Die Ukraine-Krise treibt auch die Europäische Zentralbank (EZB) vor ihrer bald anstehenden Zinssitzung um. Man werde beim Treffen des EZB-Rats am 10. März eine umfassende Beurteilung der wirtschaftlichen Aussichten vornehmen und dazu gehörten auch die jüngsten geopolitischen Entwicklungen, sagte EZB-Chefvolkswirt Philip Lane der „FAZ“ laut Vorab-Bericht.

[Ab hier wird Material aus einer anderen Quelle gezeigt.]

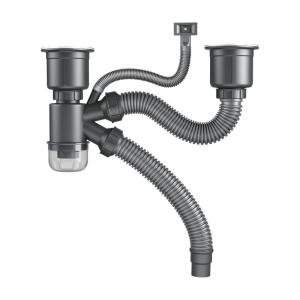 SUNINLIFE | Drain Pipe and Drainage Tube with Anti-odor Set for Kitchen Sink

Diese hätten nicht nur Auswirkungen auf die Öl- und Gaspreise, sondern auch auf das Vertrauen der Anleger und der Verbraucher sowie den Handel. „Was die Inflation betrifft, gibt es daher nicht nur den mechanischen Effekt durch die Rohstoffpreise“, sagte Lane. Für die mittelfristigen Aussichten für die Inflation müssten auch die gesamtwirtschaftlichen Auswirkungen berücksichtigt werden. Die geopolitischen Spannungen seien aktuell „ein sehr bedeutsamer Risikofaktor, vor allem für Europa“.

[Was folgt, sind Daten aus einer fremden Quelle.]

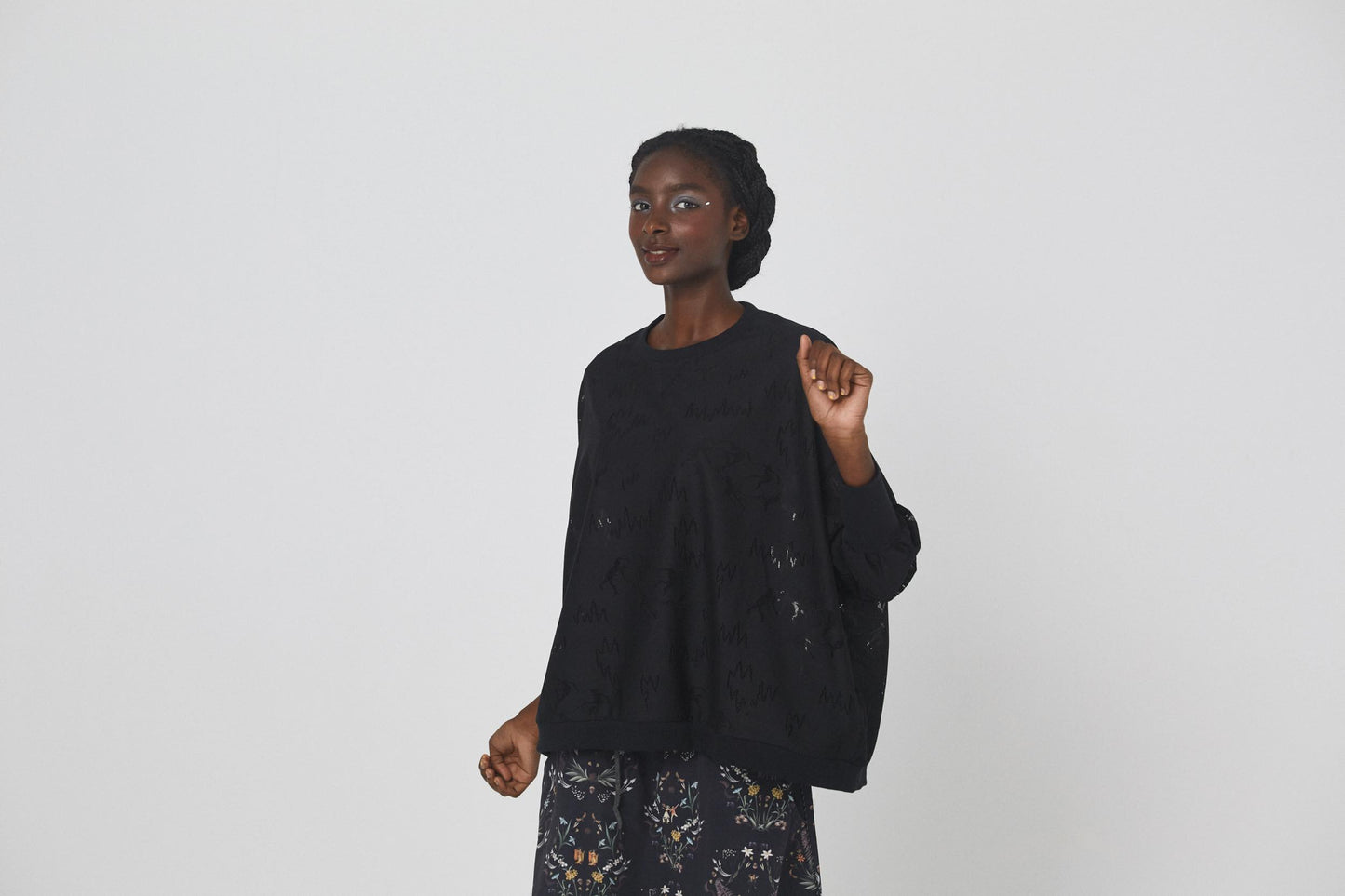 BEDSIDEDRAMA / Dancing Lace Pullover - BLACK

In einer Zeit mit viel Unsicherheit sollte man zwar keine absoluten Aussagen treffen, sagte Lane. „Die Daten sprechen aber durchaus dafür, dass wir näher an unser mittelfristiges Inflationsziel rücken könnten.“ Dann müsse die EZB handeln: „Wenn die Raten sich mittelfristig auf unser Ziel zubewegen, wofür gerade mehr spricht, werden wir die Geldpolitik anpassen.“

Die EZB benötige dann zum Beispiel keine Anleihekäufe mehr, um die Inflation auf mittlere Sicht bei ihrem Zielwert zu stabilisieren. Bevor die Notenbank über eine mögliche Zinsentscheidung spreche, müsse sie jedenfalls die Zukäufe beenden.

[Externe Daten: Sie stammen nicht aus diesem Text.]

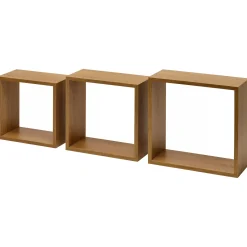 Muurdecoratie|Brico Duraline Wandkubus Eiken 12Mm 30X30X12Cm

Die Lage sei insgesamt so, dass eine starke Erholung der europäischen Wirtschaft erwartet werde, sagte Lane. Die Inflationsraten seien jedoch höher als erwartet und würden auch länger anhalten als ursprünglich gedacht. Das liege vor allem an den gestiegenen Energiepreisen und den Lieferengpässen. Doch je länger der Ursprung des Schocks bestehen bleibe, desto stärker werde das Preisniveau insgesamt beeinflusst. „Also revidieren wir unsere Einschätzung der Dauerhaftigkeit der Inflation in dieser Hinsicht.“ Weiterhin erwarte die Notenbank aber, dass die Inflationsraten im Laufe des Jahres sinken würden. Es sei aber unsicher, wie schnell und wie weit das gehe.